Dio la impresión de que nos topábamos con él por primera vez tras el asesinato de la presidenta de la Diputación de León. De pronto, frente a la unanimidad habitual en cada atentado terrorista, las redes sociales hicieron aflorar al debate público las reacciones de odio hacia ella. Lo peor no fue eso sino la justificación que algunos daban hacia esas reacciones. Que si era déspota, que si acumulaba cargos, que si era odiosa… como si cualquiera de esas condiciones le hiciera merecedora del tiro por la espalda. El siguiente paso aún resulta más desconcertante. Se trata de aquellos que claman por la libertad de expresión para reprochar la detención de quienes piden la muerte para algunos políticos. Son solo niños inconscientes; no hacen daño a nadie con un par de tuits; su persecución es fruto de una derecha casposa y recalcitrante, poco amante de las libertades. Es lo que estamos oyendo y leyendo en estos días.
Ahora se une la queja de las comunidades judías catalanas por las expresiones que ensalzan a Hitler y reclaman un nuevo Holocausto. El ministro del Interior ha prometido perseguir esos comportamientos y, si se derivan de ellos detenciones, ha asegurado que se harán. Y de nuevo se alzan voces que hablan de libertad de expresión cercenada. Unos creen resolverlo todo con la policía y es cierto que determinadas actitudes están tipificadas en el Código penal y por tanto éste debe cumplirse. Otros consideran que todo está permitido porque un tuit no mata. ¿Seguro?

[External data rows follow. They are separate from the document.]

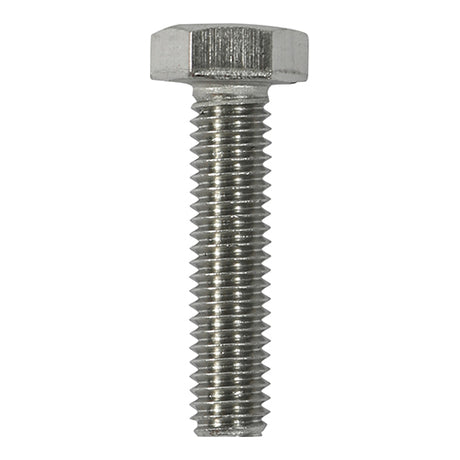 This is an image showing TIMCO Hex Set Screws - A2 Stainless Steel - M10 x 25 - 10 Pieces Bag available from T.H Wiggans Ironmongery in Kendal, quick delivery at discounted prices.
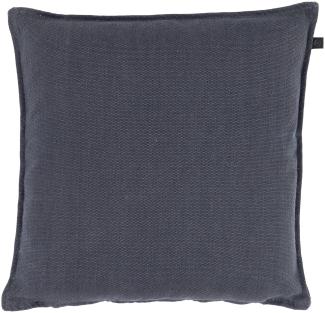 Overseas Canvas Kissen in Navy Blau, 60 x 60 cm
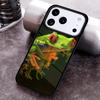 Blue Frog Tropical Rain Forest Phone Case For iPhone 17 16 15 14 13 12 11 Pro Max Plus 17Air Soft Silicone Cover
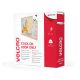 VELCRO® Stick On Tape Hook Only White - 10m Roll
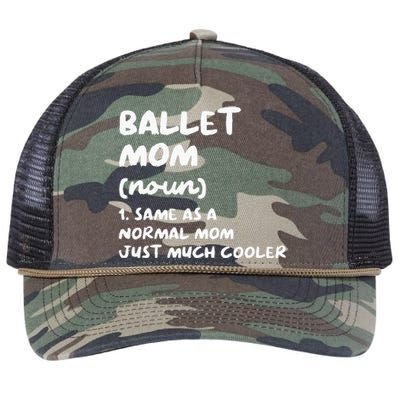 Ballet Mom Definition Funny Ballerina Dancer Retro Rope Trucker Hat Cap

Argumentan los judíos que sí y lo hacen con una amarguísima experiencia que algunos aún llevan tatuada en el brazo. A los hornos crematorios no se llega de la noche a la mañana en un país que vive en armonía. Se llega gota a gota hasta hacer rebosar el vaso. Se llega sembrando, regando y cultivando el odio para recoger después sus frutos. Por eso preocupa un tuit. Y 17.000 retuits. Y las miles de voces que aplaudan a quienes los publican y rechazan al “Estado opresor”. Hoy pueden ser ellos pero ¿quién nos asegura que un día no nos rechacen a los gordos, a los católicos o a los propietarios de un piso? Esa lección ya la conoce Europa.